While trustees “have become more proficient in terms of assessing the capacity and fit of candidates in traditional areas of executive leadership,” the authors note, “their expectations regarding mission and identity leadership have remained vague, unfocused and largely unarticulated.”

In the meantime, many lay presidents “genuinely struggle with their own lack of clarity about the Catholic intellectual tradition. They lack clarity about the degree to which they can assert moral and religious leadership over other lay professionals at their institutions. They are unsure about how much explicit focus on religion the market will bear, now that the true market for Catholic higher education is broader than just Catholics.”

At the same time, they do “care deeply about maintaining the Catholic identity of the institutions.”

The situation reflects the failure of the post-Vatican II church to provide its lay adult members with a level of religious education commensurate with their intelligence, background and experience. For all practical purposes, religious education still ends for most Catholics at Confirmation.
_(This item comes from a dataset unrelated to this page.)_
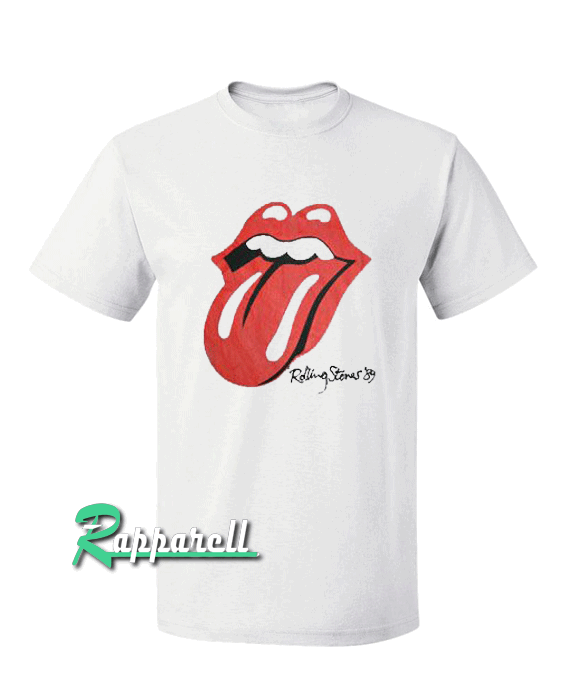 Rolling Stones 89 Tshirt Rolling Stones 89 Tshirt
The challenge is clear. “Lay leadership is increasingly the norm, not the exception, in Catholic colleges and universities in the United States.” In principle, that is a very positive development, given the council’s insistence that the church is the whole People of God -- laity, clergy and religious alike -- and its encouragement of greater lay participation in the life of the church.

But it cannot happen automatically. The Morey-Holtschneider study provides a wake-up call that Catholic universities and colleges dare not ignore.

Fr. Richard P. McBrien is the Crowley-O’Brien Professor of Theology at the University of Notre Dame.